Heavy snow and ice during the winter months can be particularly devastating to trees and other landscaping around your home. Broken branches, trees that have split apart, leaning trees, and even fallen trees happen every winter. While you, unfortunately, cannot control the weather in Northeast Ohio, you can take action to help your trees recover in spring.
Here are some tips for surveying the damage to your trees and beginning the post-winter clean-up:
Check for obvious danger
From a safe distance, check for any broken tree limbs extending over your home, driveway, or nearby power lines. These safety hazards should be addressed immediately by a professional tree service.
Look for signs of salt burn
If your trees are located near a road, they may have been exposed to salt runoff sprayed from passing cars. Trees are not equipped with the defense mechanisms necessary to protect themselves from the detrimental effects of the salt, causing them to brown.

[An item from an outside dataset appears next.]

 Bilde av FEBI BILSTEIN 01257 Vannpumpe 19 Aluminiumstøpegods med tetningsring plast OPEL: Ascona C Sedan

Assess the condition of your trees
Evaluate your tree for overall health in addition to any storm damage. Many of the fast-growing trees that Northeast Ohio homeowners plant for shade, such as elms, silver maples, birches, and willows, have brittle wood that is especially susceptible to breaking. Weak crotch unions can easily split under the added weight of snow and ice.
Often the trees that suffer severe damage have considerable rot and decay that may not be apparently evident to a homeowner. That’s where a regular tree inspection by a certified arborist can make a world of difference – it’s easier and less expensive to proactively treat a tree before damage occurs than it is to “fix” or remove it later.
Be realistic about repairs you can do yourself
Some damage to your trees is not visible or obvious from the ground. Harsh winter conditions can cause limbs high in the treetops to split or break, which will create a hazard during any future strong wind storms.
Do not be tempted to climb a ladder while operating a chainsaw or other equipment. It can be extremely dangerous to try to address this damage without the help of a professional arborist.
Ask, “To save or not to save?”
It’s not always easy to determine whether the condition of the tree warrants efforts to save it or if it should be removed. If you’re not sure, give us a call. We always prefer to save a tree if that’s a realistic option, but we’ll give you an honest assessment and recommendation so you can make the final decision based on accurate and complete information.
Generally, it only makes sense to attempt tree repair if a major portion of the tree is still intact. If the whole side or top is gone, it’s questionable whether it is worth spending the time and money to salvage the tree. While removing a large, mature tree is not desirable, the smart choice may be to replace it with a new tree.